Ce à quoi fait référence la première partie du titre, Letters to dance, est évident, mais pour pourquoi cette pièce est-elle aussi intitulée Just in Time ?

Quand on fait quelque chose « juste à temps », ce n’est ni trop tôt ni trop tard. Dans la phase pilote de la pièce, à Berlin, en 2016, nous avons collaboré avec cinq chorégraphes et avons rassemblé des lettres à travers toute la ville. Nous avions une construction temporaire, avec une table de bureau portable et un espace d’atelier mobile. Nous avons installé cette structure à un endroit que nous avions repéré et où nous espérions saisir des histoires de danse, sur place et sur le vif pour ainsi dire, des personnes que nous rencontrions à ce moment particulier. Nous demandions à des passants : « Aimeriez-vous écrire une lettre à la danse ? » Ainsi, Just in Time fait référence au tempo, aux dynamiques, à l’aspect instantané du projet. Nous ne répétons pas, nous recueillons tout simplement des lettres et nous rencontrons à maintes reprises différentes personnes dans différents lieux et ensuite le bal peut commencer. C’est quelque chose de très fragile. Il faut que cela corresponde parfaitement au moment. Et nous pensons que le cadre de la Journée de la Danse conviendra très bien à être une fois de plus juste à temps !

 

Une conversation avec deufert&plischke, par Eva Decaesstecker (kaaitheater)

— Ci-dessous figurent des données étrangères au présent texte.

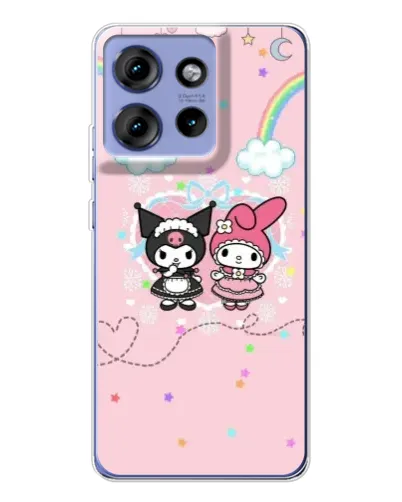 Чехол для Motorola Edge 50 с картинкой «My Melody и Kuromi» Чехол для Motorola Edge 50 с картинкой «My Melody и Kuromi»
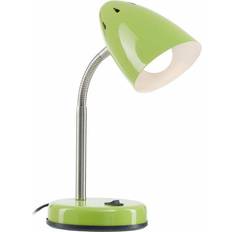 Lighting Premier Housewares Green Gloss Desk Table Lamp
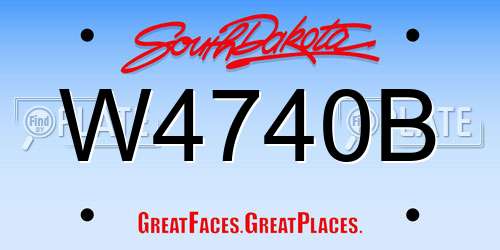 W4740B South Dakota License Plate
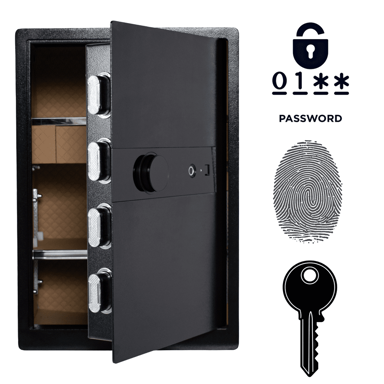 NIKCORP Oklopljeni biometrijski kućni sef, otisak prsta i šifra, dimenzije 58 x 40 x 33 cm, čelik, crna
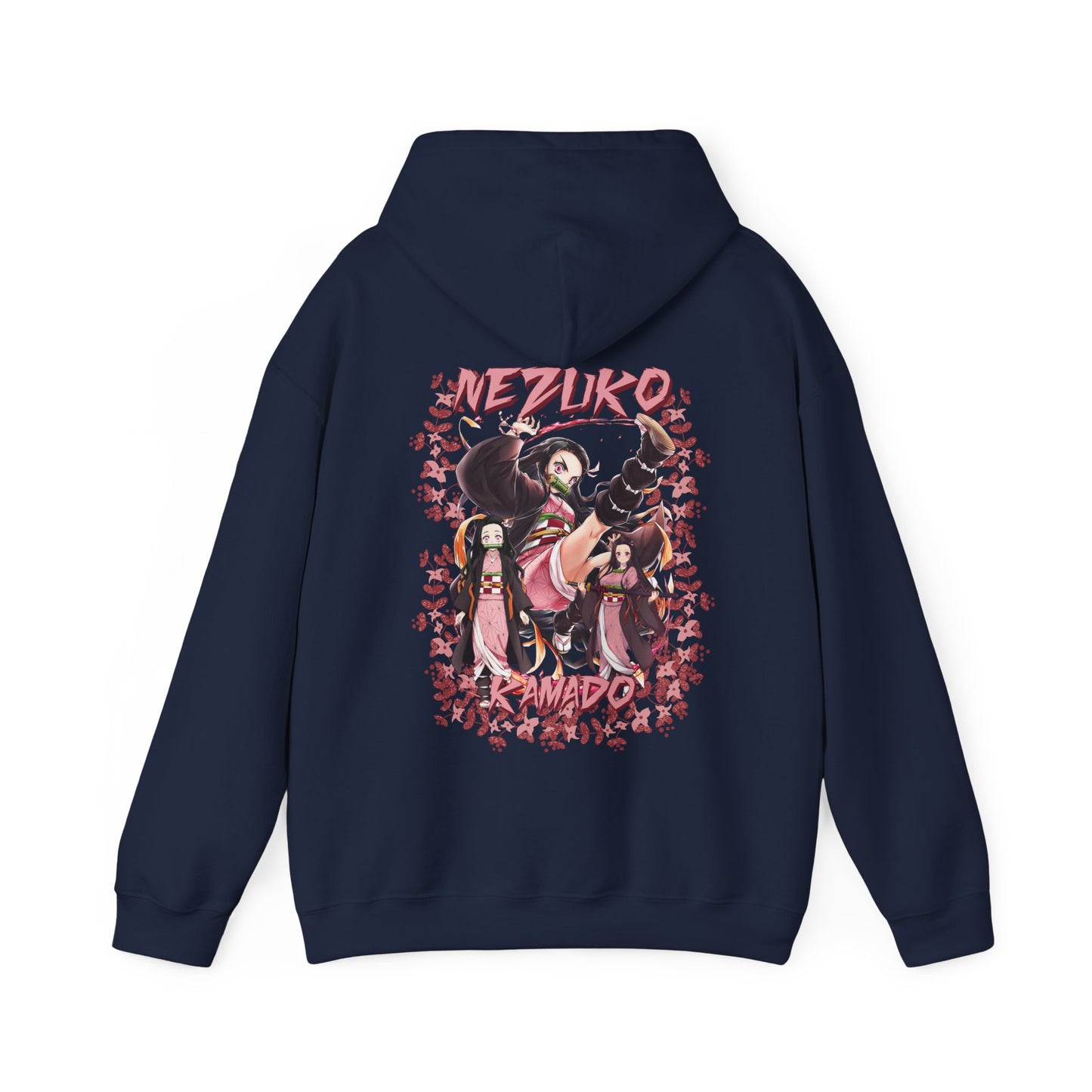 Nezuko Kamado Pink Flowers Back Print Hoodie – 100% Cotton Anime Hoodie for Demon Slayer Fans
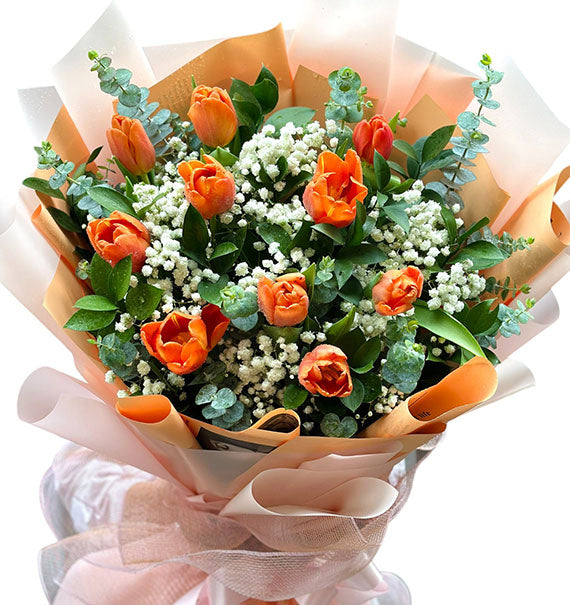10 Orange Tulips Bouquet Vietnam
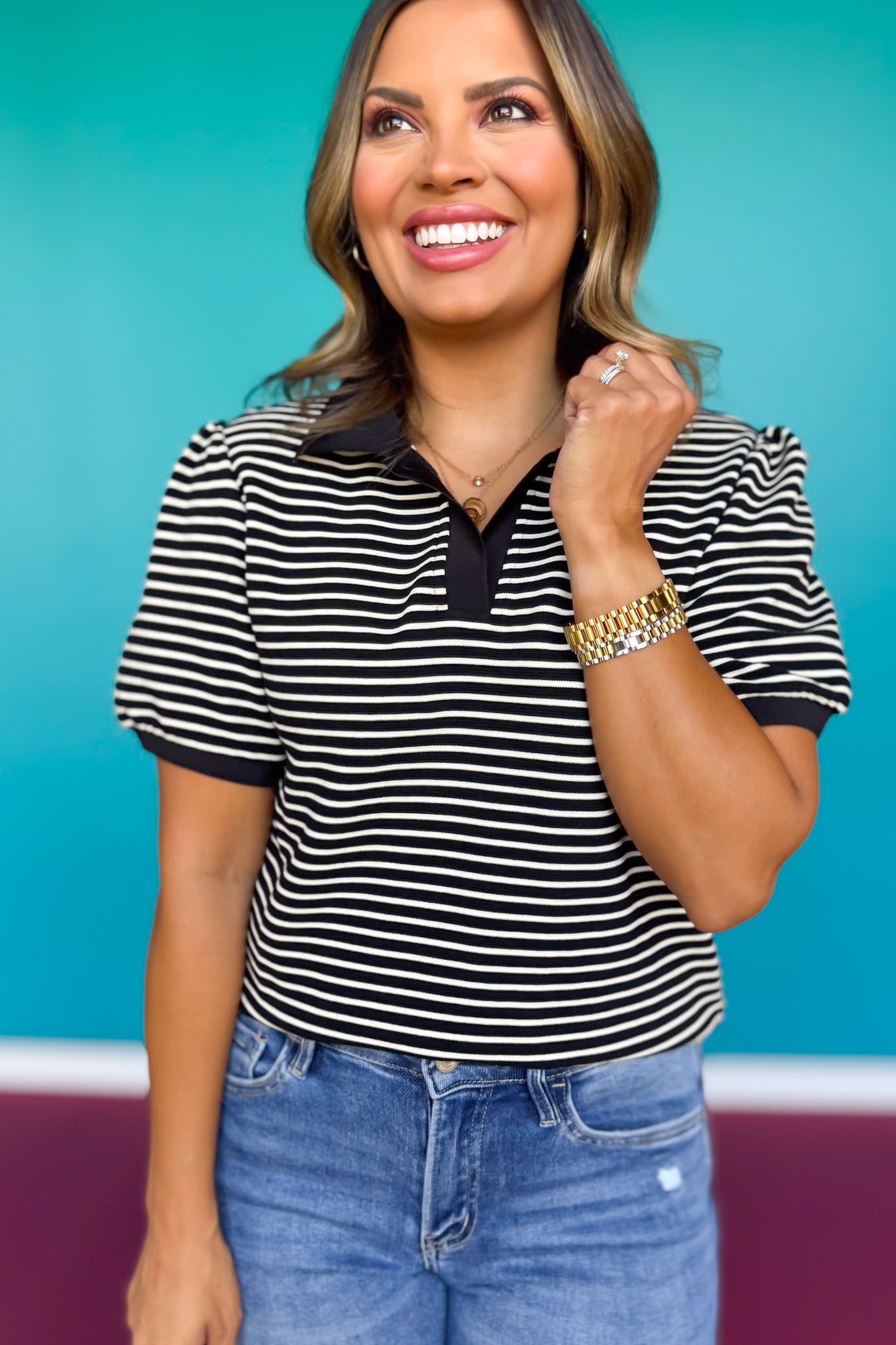 SSYS Suzanna Stripe Short Sleeve Top In Black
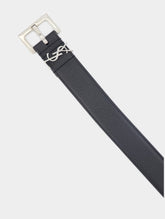 Saint Laurent Cassandre Belt In Grained Leather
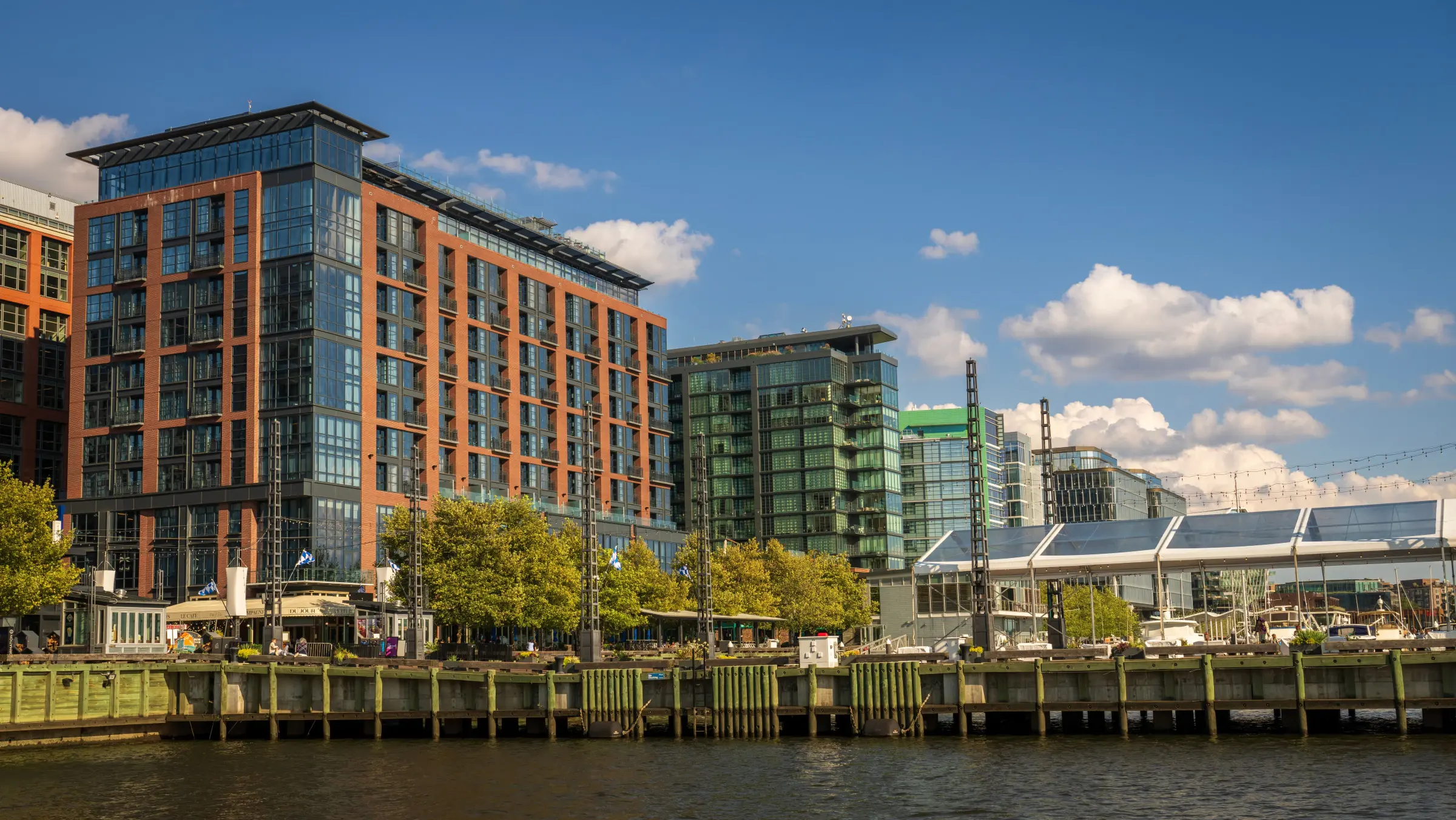 A completed multi-storey apartment development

La politique de l’éternité et de l’inévitabilité sont tous deux des concepts que Timothy Snyder développe dans The Road to Unfreedom (2018). La politique de l’inévitabilité est une vision néolibérale dans laquelle tout est déterminé par l’évolution économique capitaliste, une économie qui ramène tout désordre à l’équilibre. La politique de l’éternité est une vision totalitaire dans laquelle l’État se profile comme le protecteur de ses citoyens, combattant éternellement l’ennemi, c’est-à-dire tout ce qui vient de l’étranger. Les deux visions annihilent les participations civiles : dans la première tout est déterminé, il ne sert à rien d’essayer de proposer quelque chose de différent ; dans la seconde, l’État protège ses citoyens et la seule chose que les citoyens doivent faire est de conserver la confiance en leur nation.